Le philosophe français Louis Sala-Molins a dénoncé le « silence assourdissant » des philosophes dits « des lumières » devant l'horreur « inhumaine » du texte officiel du « Code Noir » promulgué par « Sa Très Chrétienne Majesté Le Roi Soleil », dans ses livres décapants : « Le Code noir : ou le calvaire de Canaan », PUF, 1987, et « Les Misères des Lumières : sous la raison, l'outrage », Homnisphères, 2008.
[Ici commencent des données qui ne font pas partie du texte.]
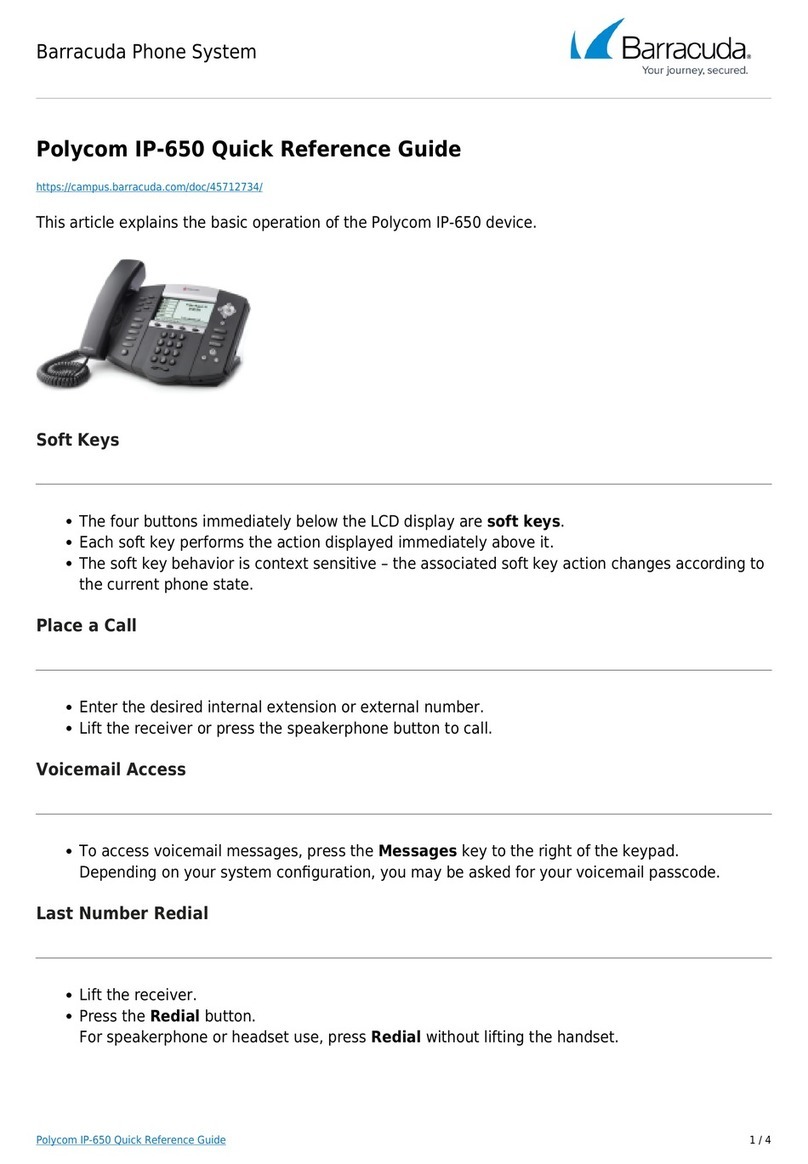 Polycom SoundPoint IP 650 Quick reference guide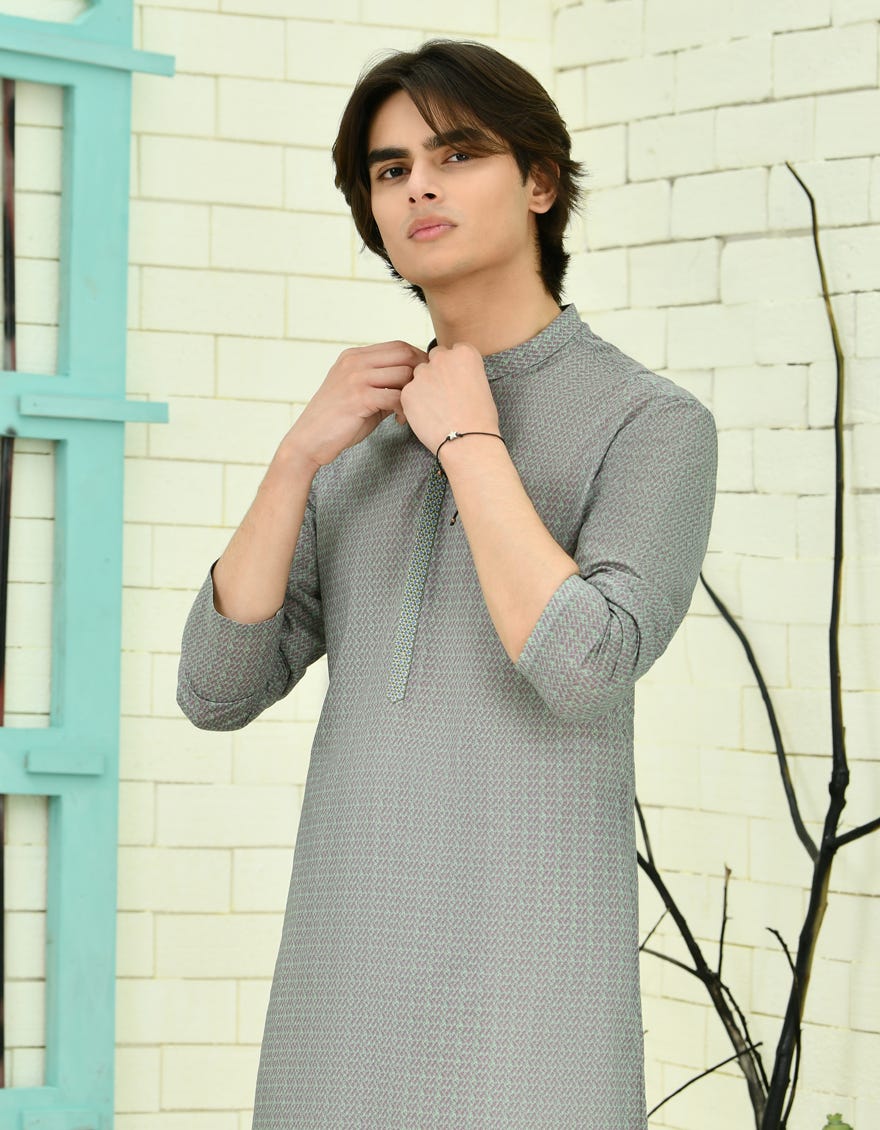 GREEN COTTON KURTA | JTK-S-46312
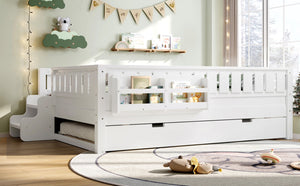 English Elm Full Low Loft Bed with Staircase Bookshelf Trundle and Safety Rails for Kids White W1580S00627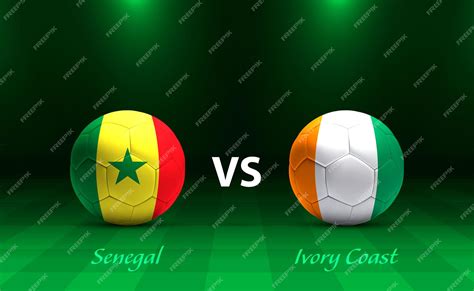 Premium Vector | Senegal vs ivory coast soccer scoreboard broadcast ...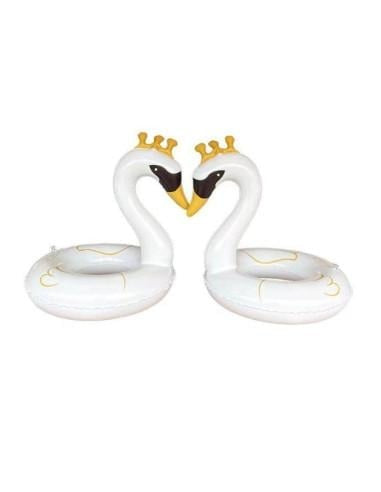 Colac inot lebada cu coroana pentru copii si adulti, gonflabil, elegant si rezistent, model alb sau negru cu aripi 3D, ideal pentru piscina, plaja sau petreceri de vara,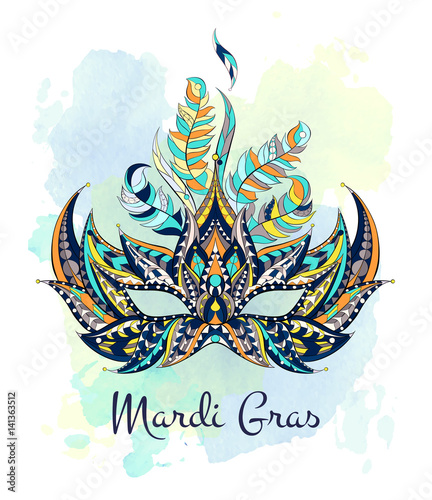 Patterned mask on the grunge background. Mardi Gras festival. Tattoo design. It may be used for design of a t-shirt, bag, postcard, a poster and so on.  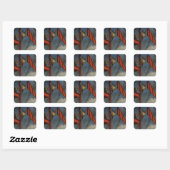 Antieke Zakelijke, Arbeiders op Staalconstructie Vierkante Sticker (Vel)
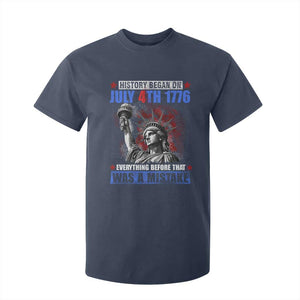 History Began July 4th 1776 T Shirt For Kid Bold Patriotic Statement Statue of Liberty TS02 Navy Print Your Wear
De son côté, Odile Tobner, compagne de l’écrivain Mongo Beti et Présidente de l’Association « Survie », a révélé la profondeur des racines intellectuelles et politiques du racisme français contre les noirs dans son livre fort documenté et commenté « Du racisme français », publié par Les arènes en 2007, dont le résumé dit : « Depuis le Code noir (1724), rares sont les intellectuels ou les dirigeants français qui ont remis en question le socle raciste sur lequel repose notre regard sur les " noirs ", africains ou antillais. Les saillies négrophobes récentes d'Hélène Carrère d'Encaussse, Alain Finkielkraut ou Nicolas Sarkozy ne sont pas des " dérapages " malheureux, mais la continuité désolante de préjugés nourris depuis quatre siècles. Qui, en France, sait que Saint-Simon, Bossuet, Montesquieu ou Voltaire ont commis, sur ces questions, des pages monstrueuses ? Que Renan, Jules Ferry, Teilhard de Chardin, Albert Schweitzer ou encore le général De Gaulle leur ont emboîté le pas ? Le pays des Lumières et des droits de l'homme n'aime pas se voir en ce miroir-là. Odile Tobner révèle pourtant que la négrophobie fait partie de notre héritage. Il est temps de décoloniser les esprits. Enfin ».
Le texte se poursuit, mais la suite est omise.